Directions
Leaving out the pictures, copy each record below exactly.

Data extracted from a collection
————

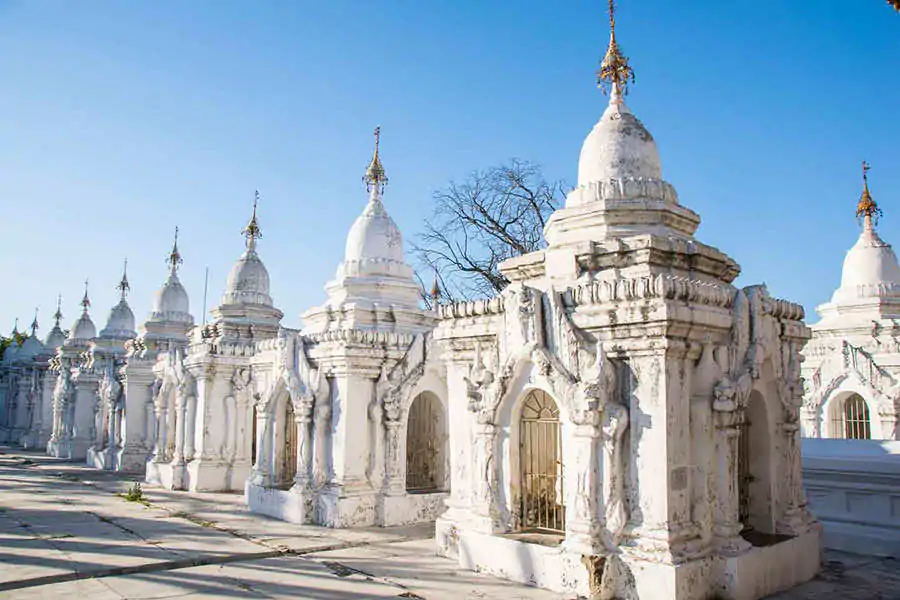Worlds Largest Book Kuthodaw Pagoda Things to see in Mandalay Myanmar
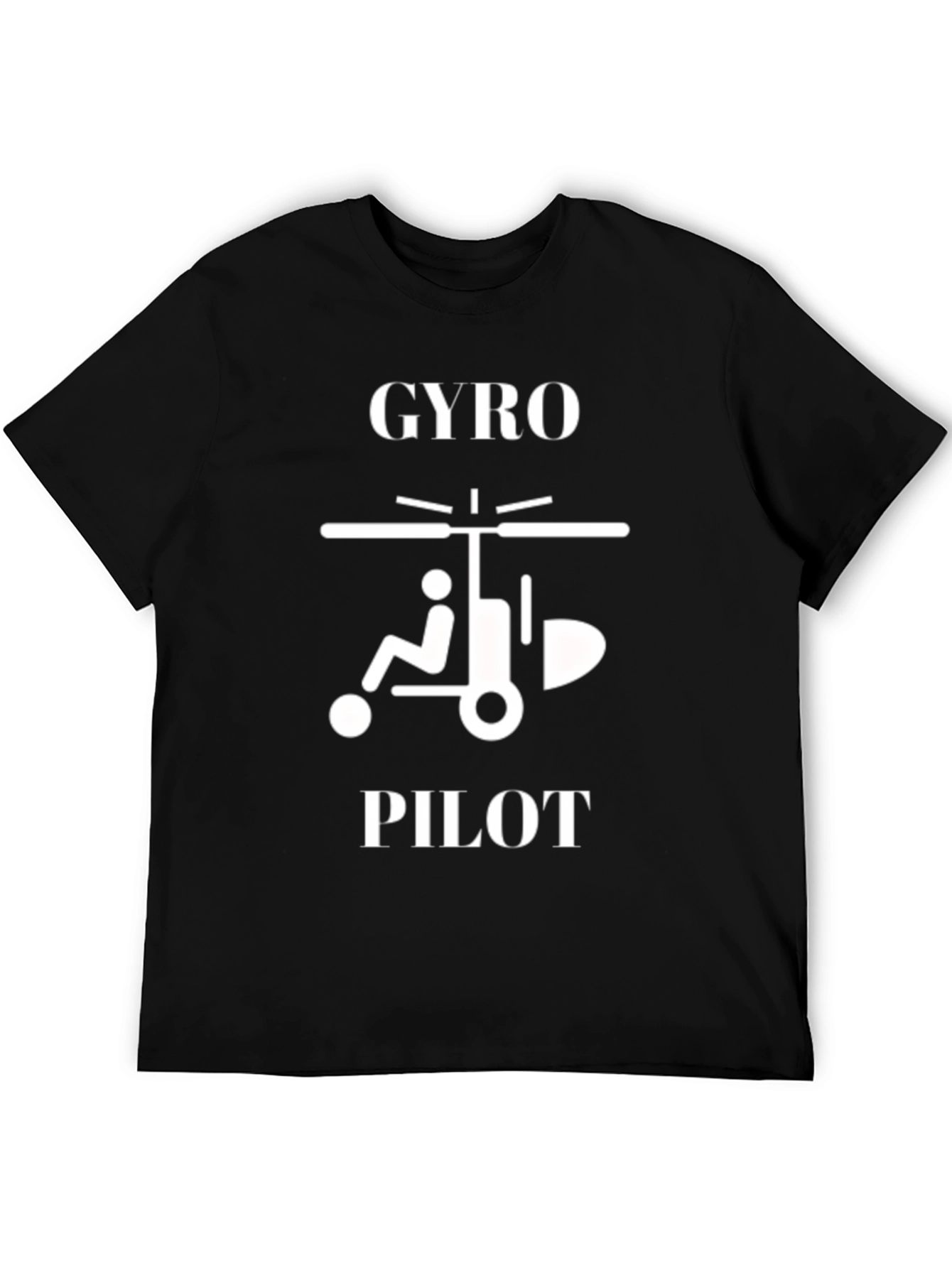 Gyro Pilot Graphic T-Shirt - Aviation Enthusiast Tee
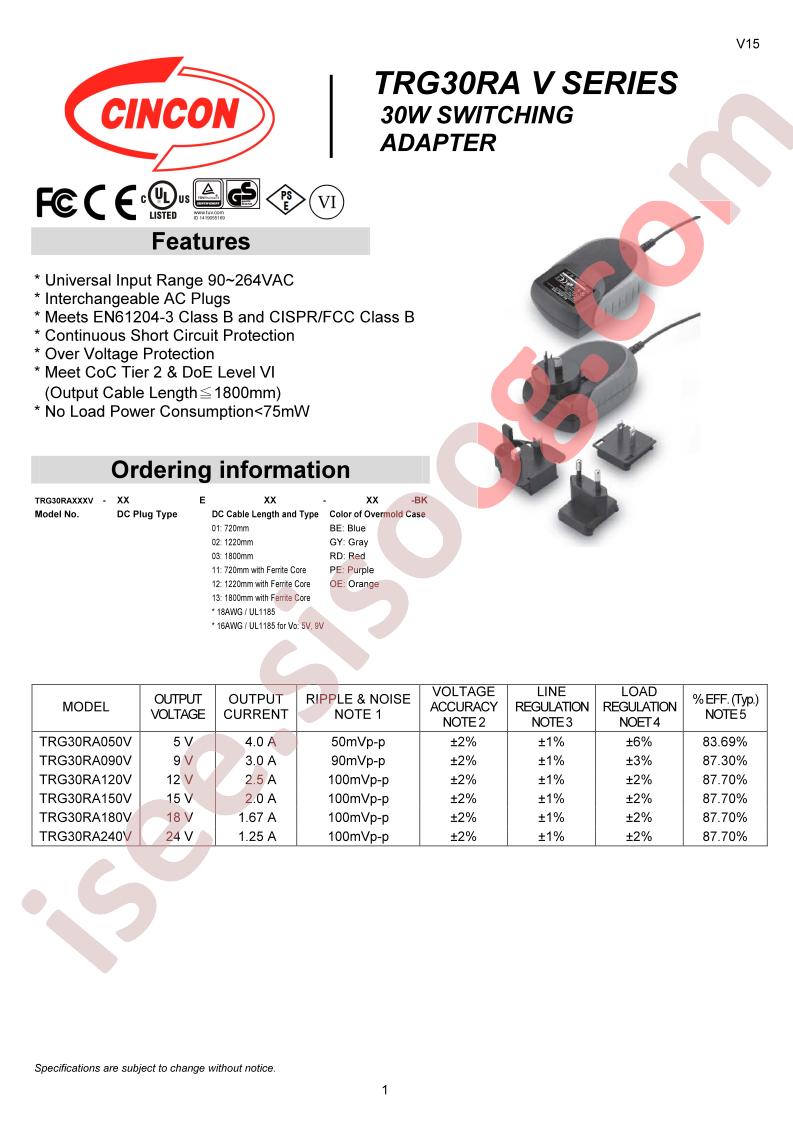 TRG30RA180V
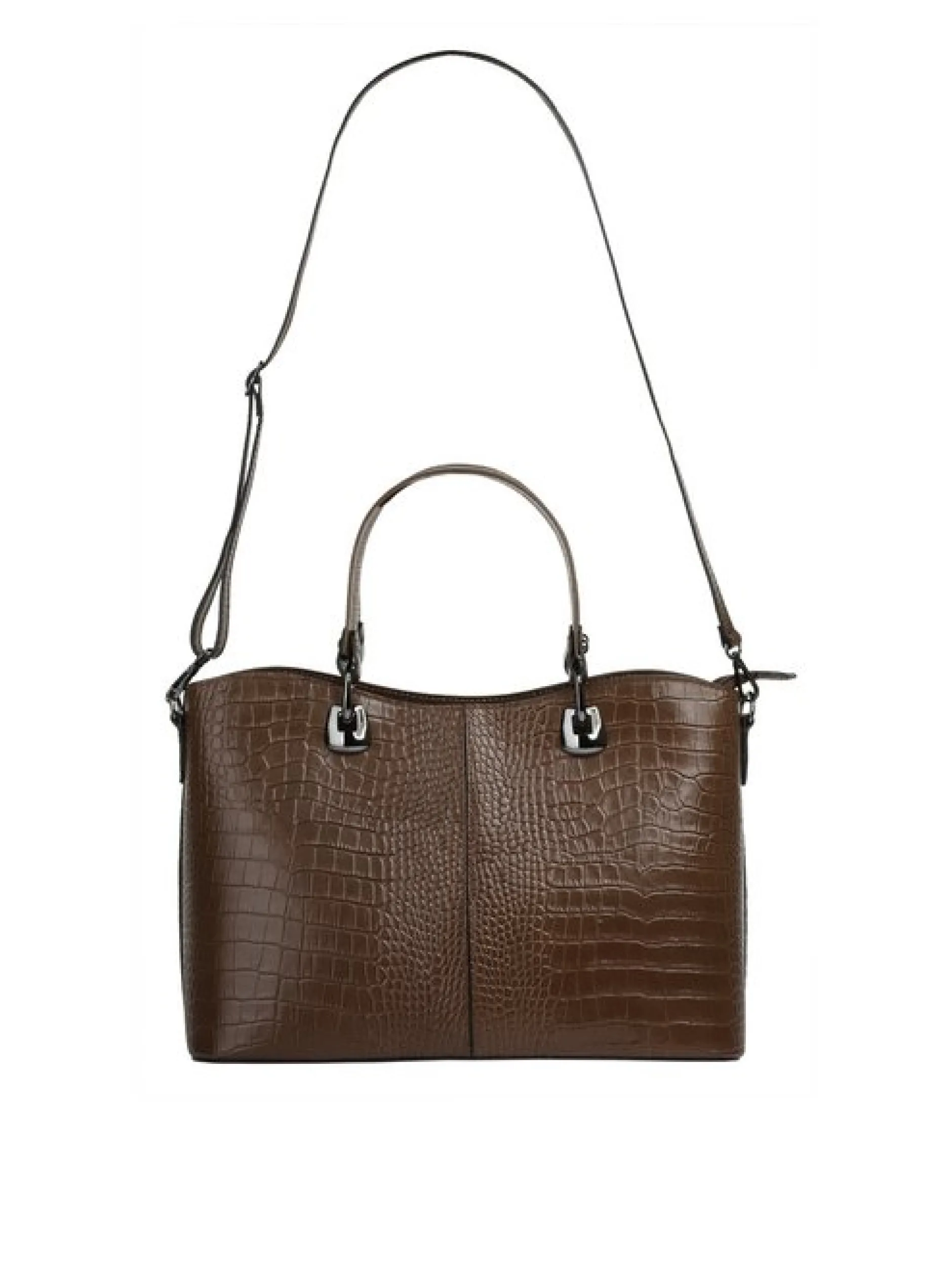 Cluty Damen Handtasche in braun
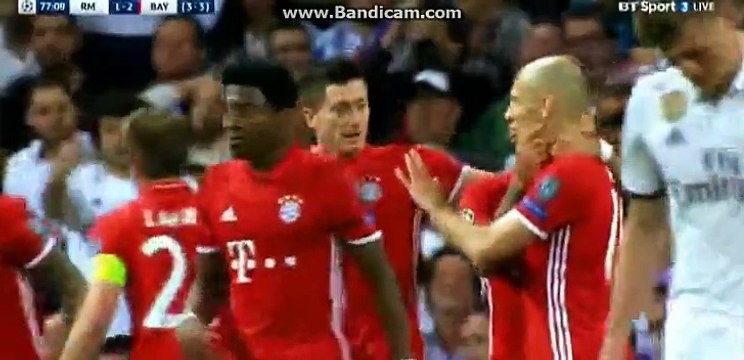 Robert Lewandowski Goal HD - Real Madrid 2-1 Bayern Munchen - 18.04.2017 HD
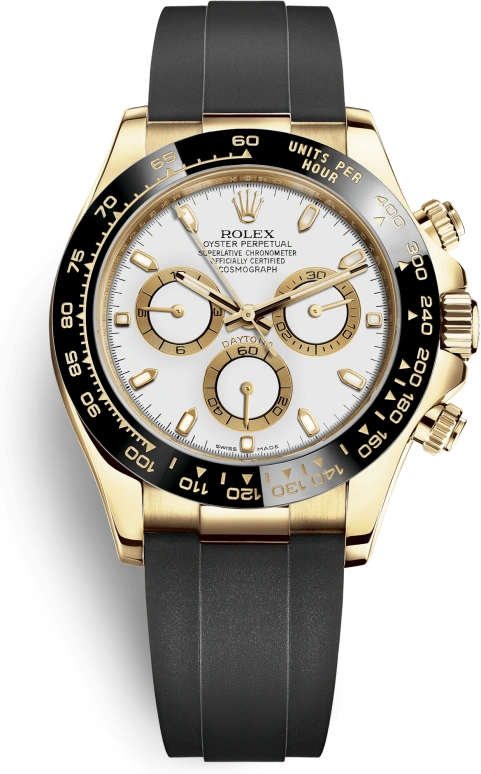Rolex,Daytona 40mm,40mm,Ceramic,Yellow Gold,White,Automatic,Chronograph,Column Wheel,116518LN,116518LN-0041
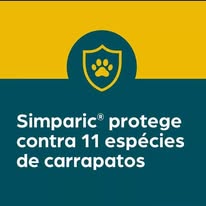 Simparic - Comprimido anti pulgas e carrapatos (cada comprimido)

————

Solution to the exercise
Worlds Largest Book Kuthodaw Pagoda Things to see in Mandalay Myanmar
 Gyro Pilot Graphic T-Shirt - Aviation Enthusiast Tee
 TRG30RA180V
 Cluty Damen Handtasche in braun
 Robert Lewandowski Goal HD - Real Madrid 2-1 Bayern Munchen - 18.04.2017 HD
Rolex,Daytona 40mm,40mm,Ceramic,Yellow Gold,White,Automatic,Chronograph,Column Wheel,116518LN,116518LN-0041
 Simparic - Comprimido anti pulgas e carrapatos (cada comprimido)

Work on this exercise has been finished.